Was feeling supremely stressed out, pissed off etc (insert negative emotions here) about the Japan trip and certain people in general just now.

I think I expect too much from people sometimes. Maybe I've pitched myself on such a moral high ground that I can't tolerate even the smallest of incompetence. Not to say that I'm perfect, just that I have too high an expectation for a lot of things and people. And when they fall short (more often than not through no fault of their own), I'll feel so disappointed. Oh well.

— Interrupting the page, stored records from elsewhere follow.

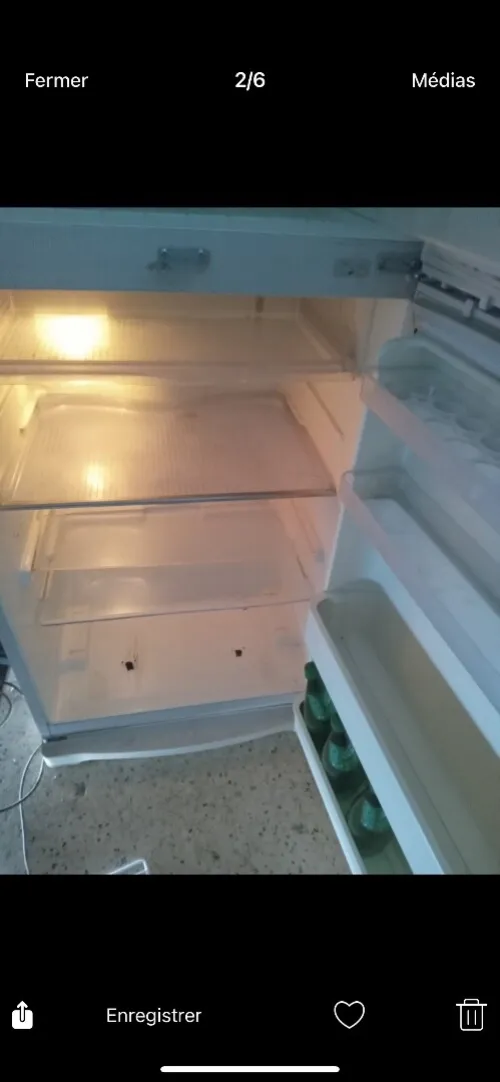 Refrigerator 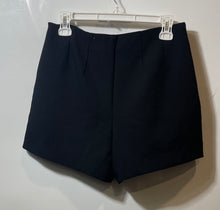 Load image into Gallery viewer, A New Day Womens Black Stretch Flat Front Slash Pockets Chino Shorts Size 6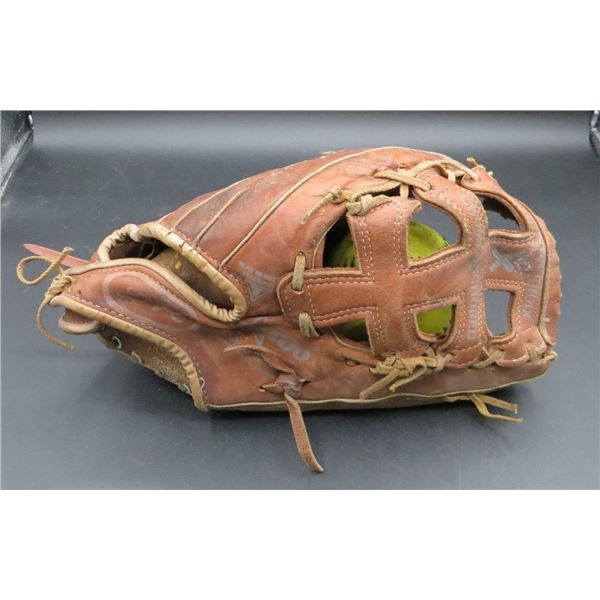 Vintage D&R M400 Baseball softball Glove With Yellow Ball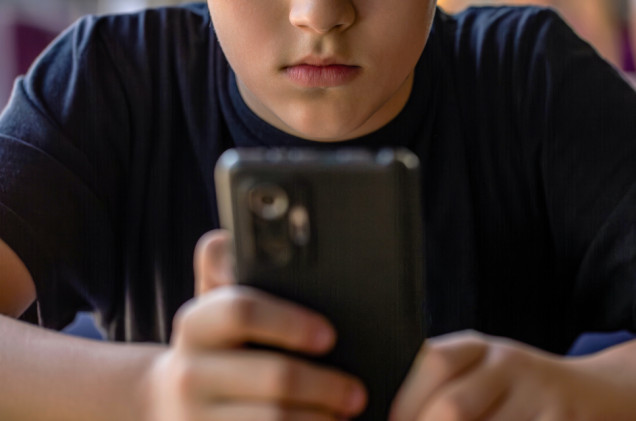 Influencerzy na celowniku UOKiK. Zarzuty za agresywną reklamę wobec dzieci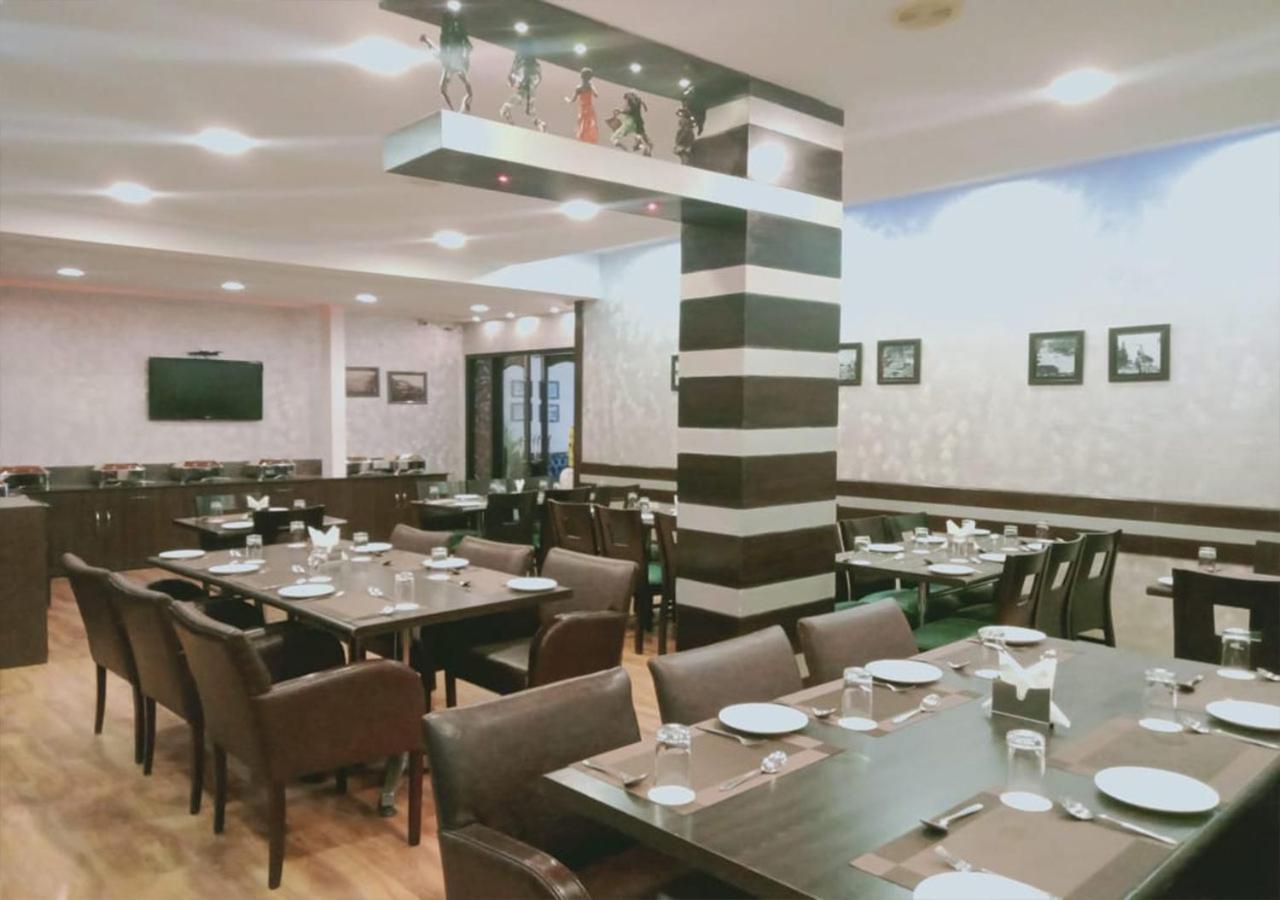 فندق Sanobar The Midtown موسوري المظهر الخارجي الصورة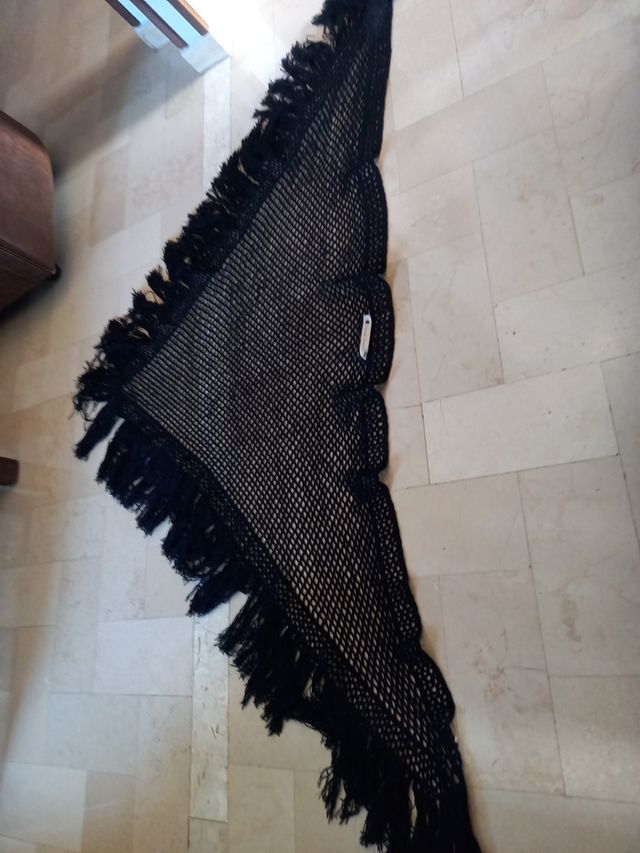 Scialle nero lavorato a maglia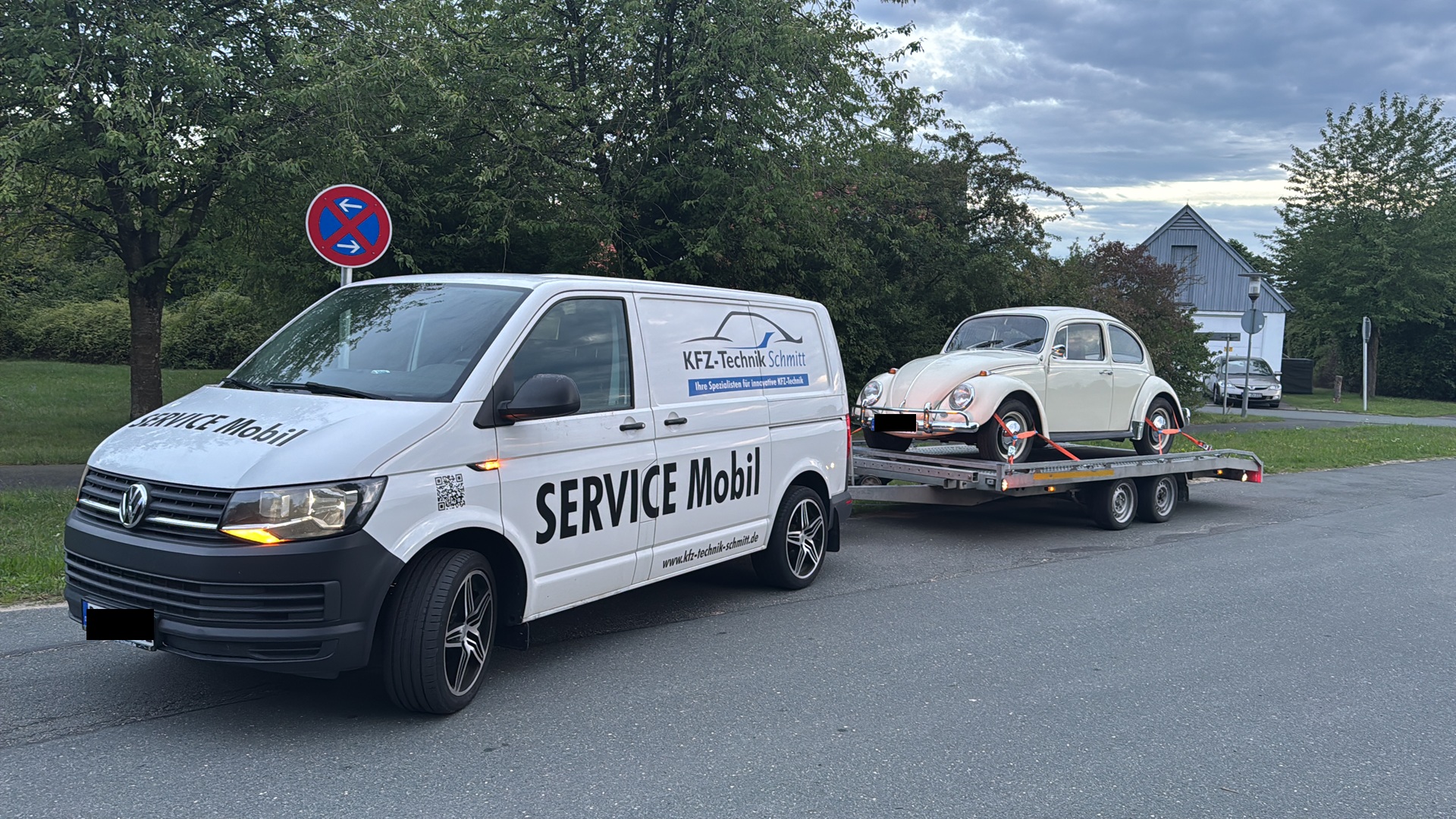 Abschleppdienst Oberhaid – VW Käfer auf Anhänger mit KFZ-Technik Schmitt Service Mobil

I guess everythings's a matter of perception, isn't it? Well, that's it for now. Ciao.


Tuesday, November 20, 2007
♥ 12:40 AM

Monday marked the start of the study week. Was quite proud of myself since I accomplished what I sat out to do. And for once, I felt glad that my exams are so drawn out - I've plenty of time to study for them this time round. But isn't it too little too late? Oh wells.

Feeling temperamental yet again. That sense of inadequacy, of failing to measure up. But it's all self-inflicted again.

Anyways. Good luck to all for the exams. 一緒に頑張ってね!


Sunday, November 11, 2007
♥ 2:28 AM

I'm blogging again. I've no idea why this has turned into a habit recently, and at a totally wrong timing too! Maybe it's due to my 开心果。But I really think it's time I force myself to sit down and mug, once and for all.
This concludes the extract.